Jednak i nam w poniedziałek zaświeciło słoneczko. Pocieplało, zajaśniało! Lato? Jesień? Co kto chce. Aby nie było za pięknie, przyleciały chmary i chmury biedronek. Chińskich, bo wielokropkowych. Oblepiły taras, okna. Wciskały się do wnętrza. Chowały w szpary. Łaziły po zasłonkach, firankach, belkach, meblach.
 Wlatywały we włosy... Koszmar czarny w czerwone kropki i żółty w czarne kropki . Czarny w żółte i czerwony w czarne. Jedna wielka kropka, oraz mnóstwo drobnych. 
Do koloru, do wyboru. Jednakowo koszmarne, bo gryzące i jadowite. Moja koleżanka musi łykać jakieś świństwo, bo pogryzły ją i ma wielkie czerwone, swędzące plamy. Już drugi tydzień walczę z nimi i tępię. Nie do wiary, jakie skrytki odkrywam!
I przyszły deszcze. Za deszczami bajkowe pejzaże kolorowych gór zasnutych szalami mgieł i grzyby...

W naszym ogrodzie pod sosenkami zażółciło się od maślaków, pod brzózkami znaleźliśmy kozaczki, a na stoku i pod chatami całe pole opieniek.

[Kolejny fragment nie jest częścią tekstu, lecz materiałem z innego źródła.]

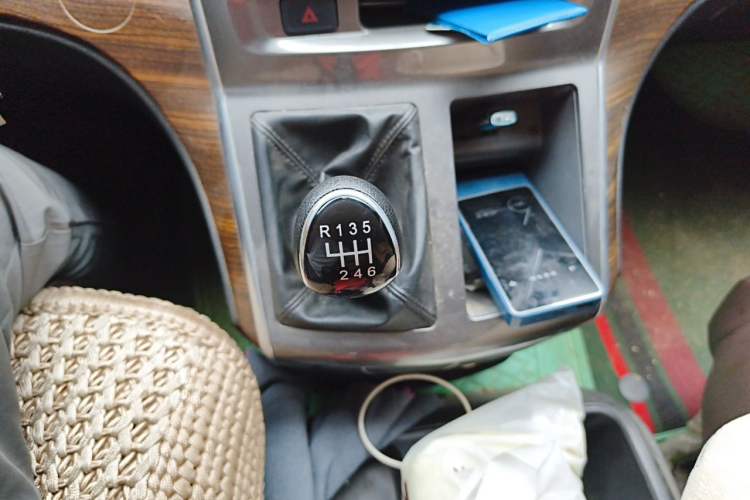 Used FORTHING Lingzhi PLUS 2022 Travel Edition 2.0L Manual Luxury Version 7 Seats Gear Lever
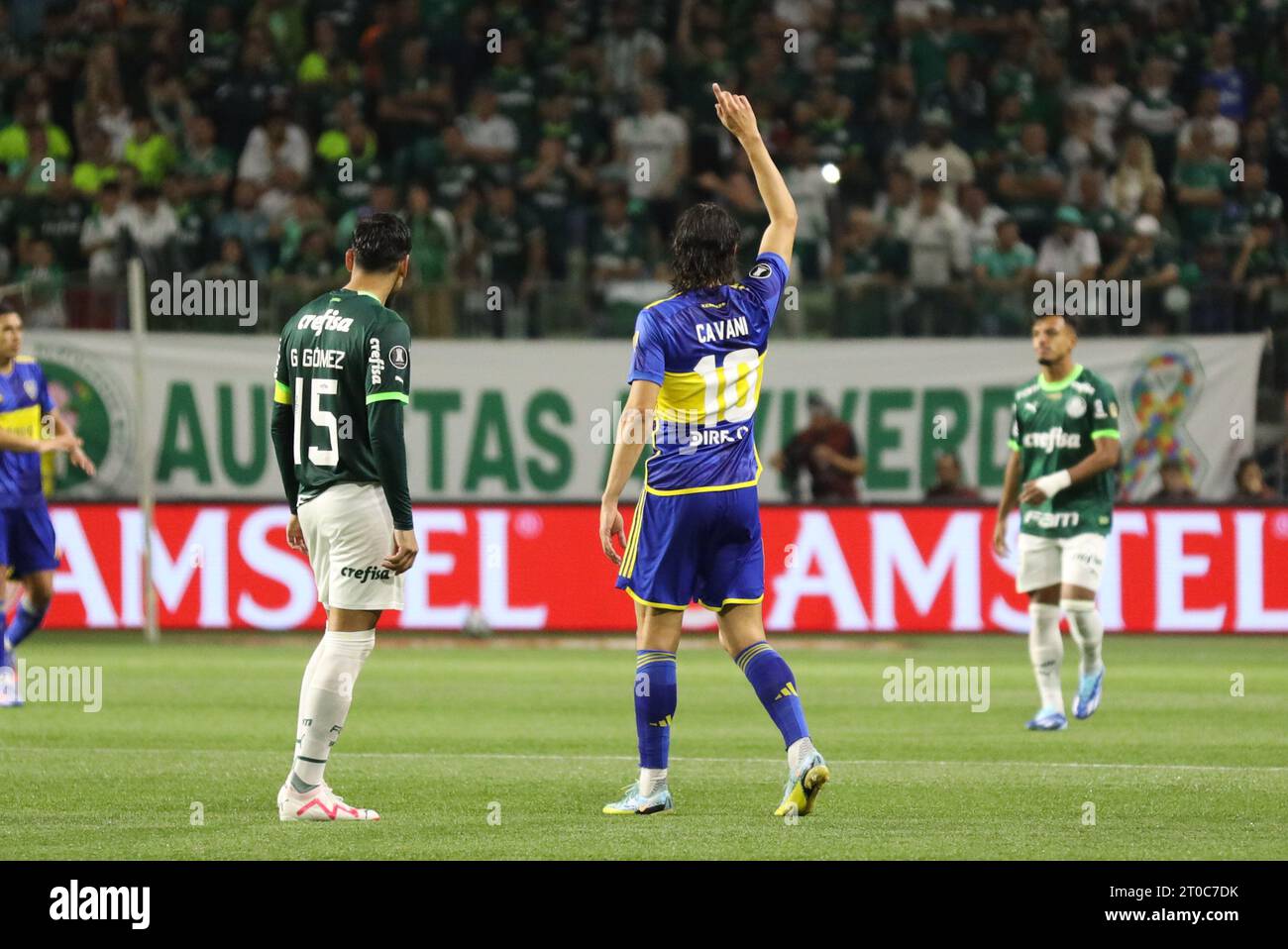 Cavani del Boca Junior durante la partita contro il Palmeiras nella partita di ritorno della semifinale Libertadores, ad Allianz Parque, a ovest di São Paolo, questo giovedì, il 5° credito: Brazil Photo Press/Alamy Live News Foto Stock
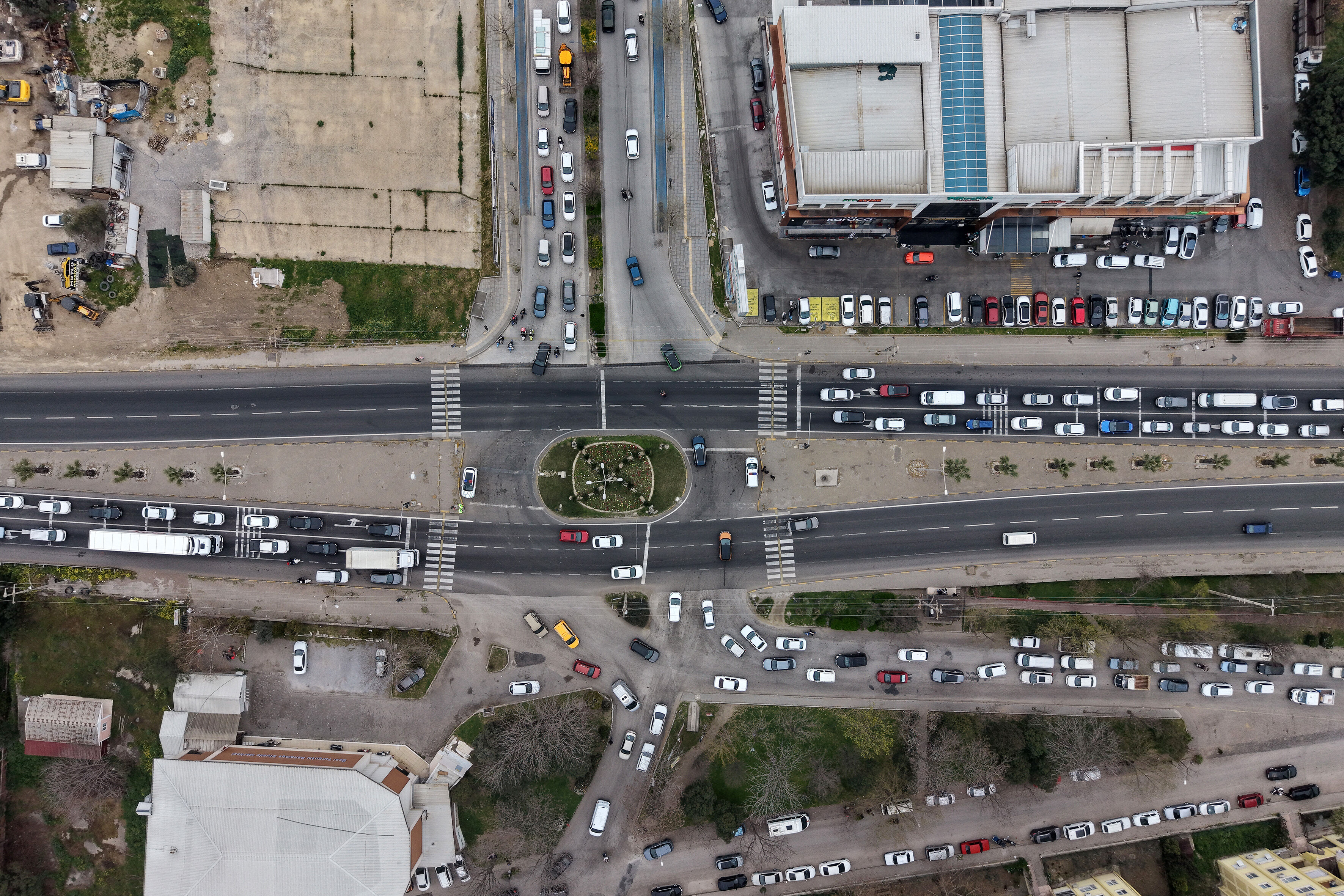 Trafik yoğunluğu Manisa geçişinde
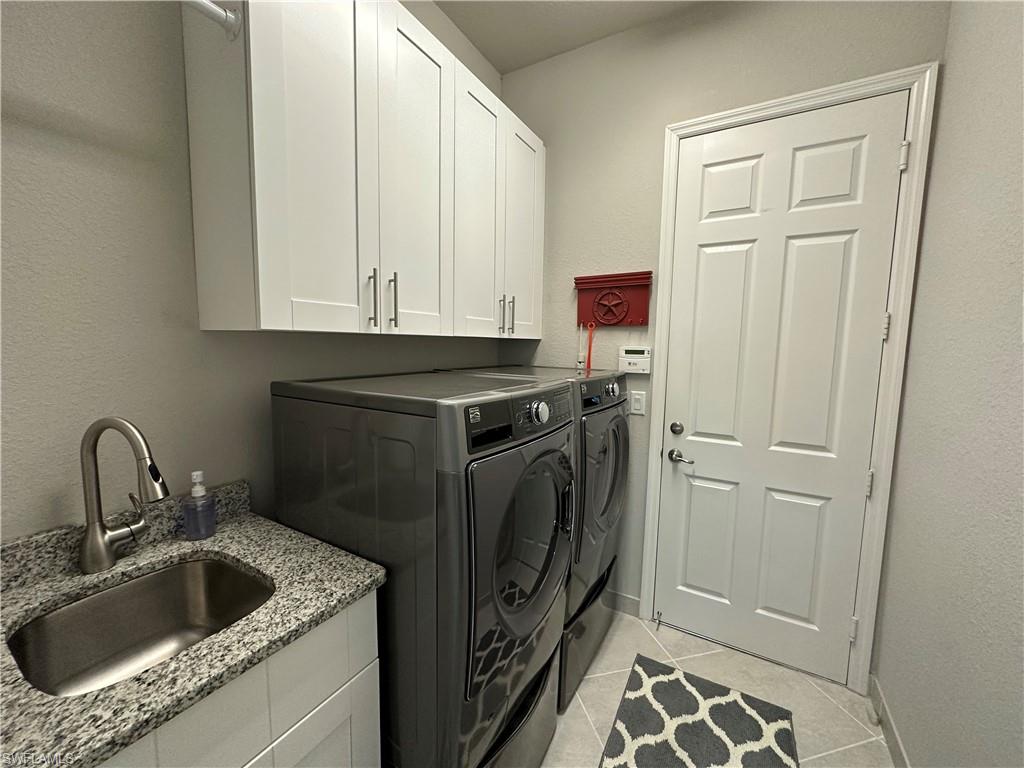 MARINA BAY - Residential Lease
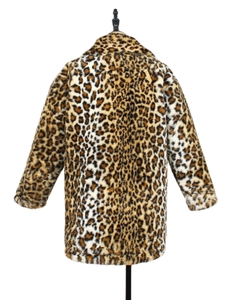 Vue détaillée du dos d'un manteau en fausse fourrure léopard et texture du tissu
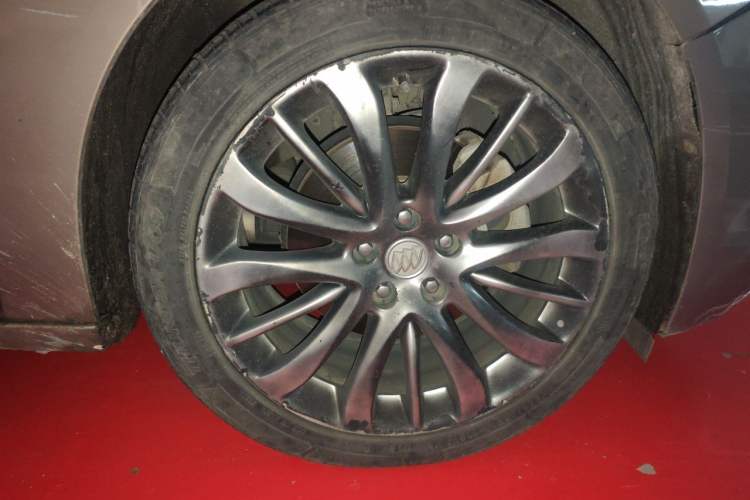 Used Buick LaCrosse 2016 28T Flagship Model Right Front Wheel Hub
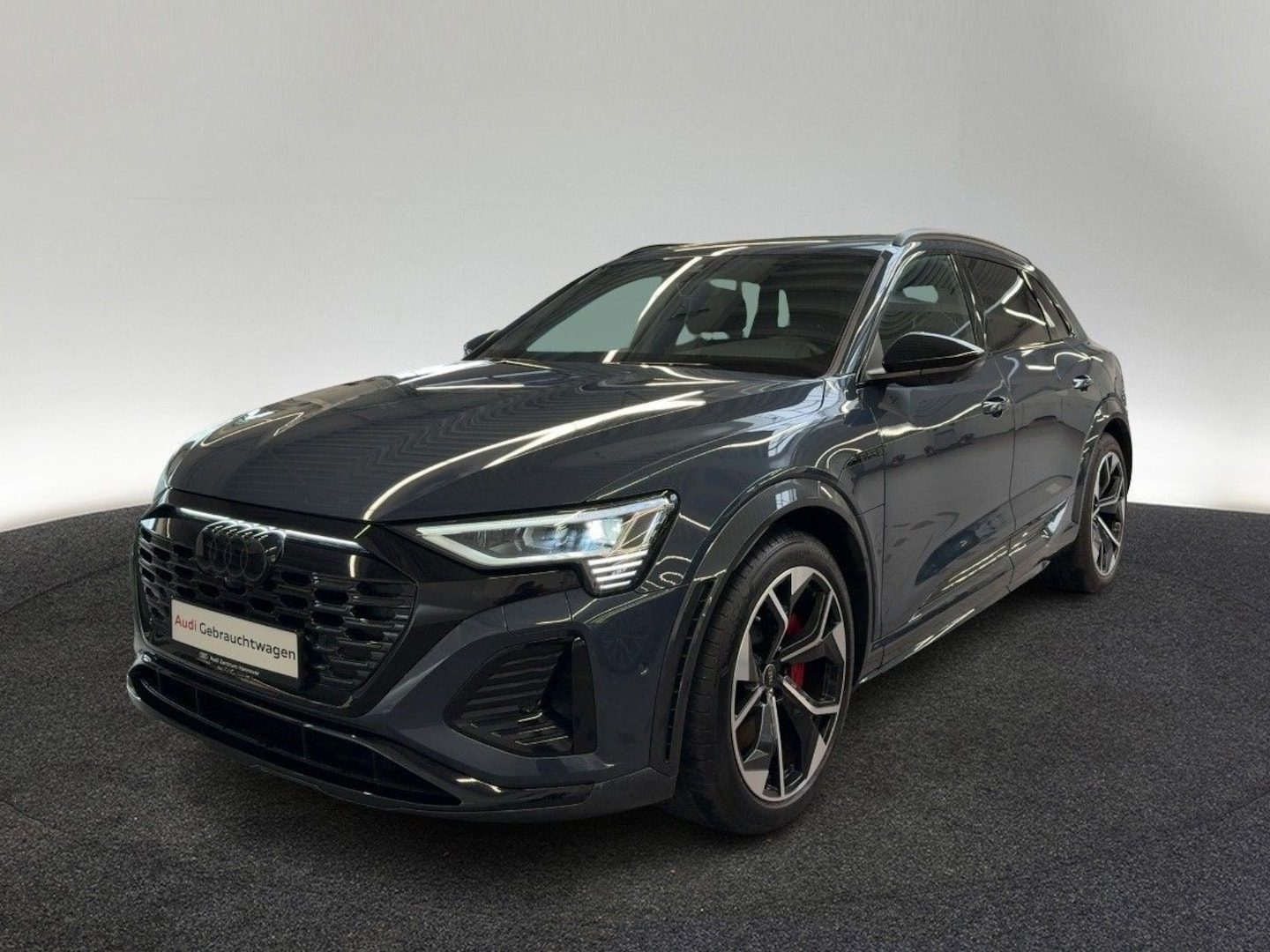 Bild über Audi SQ8 e-tron e-tron quattro - für weitere Informationen kontaktieren Sie den Audi Partner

Jakby mało było tego co w obejściu, Jędruś zapragnął prawdziwego grzybobrania i pognał na Jawor. Przyniósł mnóstwo rydzów, zajączki, maślaki i podgrzybki.
Dwukrotnie jeździliśmy do Leska po słoiki na grzybki, ocet i przyprawy. Przez trzy dni gotowałam, wekowałam.

Przepis na rydze w occie;

Zalewa; 1 szklanka octu , dwie szklanki wody, dwie łyżki cukru, ziele angielskie ( 10 sztutk), liście laurowe ( 5 liści), cebula w plastrach ( jak malutka to trzy, jak duża, to jedna), łyżeczka soli, gorczyca (pół łyżeczki) i pieprz ziarnisty ( 6 ziaren) .
Wcześniej blanszujemy rydze w osolonej wodzie. Odrzucamy nóżki, a kapelusze kroimy.
Zblanszowane krótko gotujemy z zalewą i ładujemy w gorące słoiki. Zakręcamy, odwracamy i stygną. Jak są zimne, to już zassane.

Inne grzyby robię podobnie, tylko mniej daję cukru. Nie wiem jak innym, ale ja lubię takie grzybki. Próbowałam maślaka z octu. Tylko zrobił chlup i już go nie było! Mniam !
Szkoda, że mam szlaban na grzyby z powodu podwyższonego poziomu kwasu szczawiowego...
Prawdziwki posuszyłam. Mam już ich trochę. Na święta będą jak znalazł.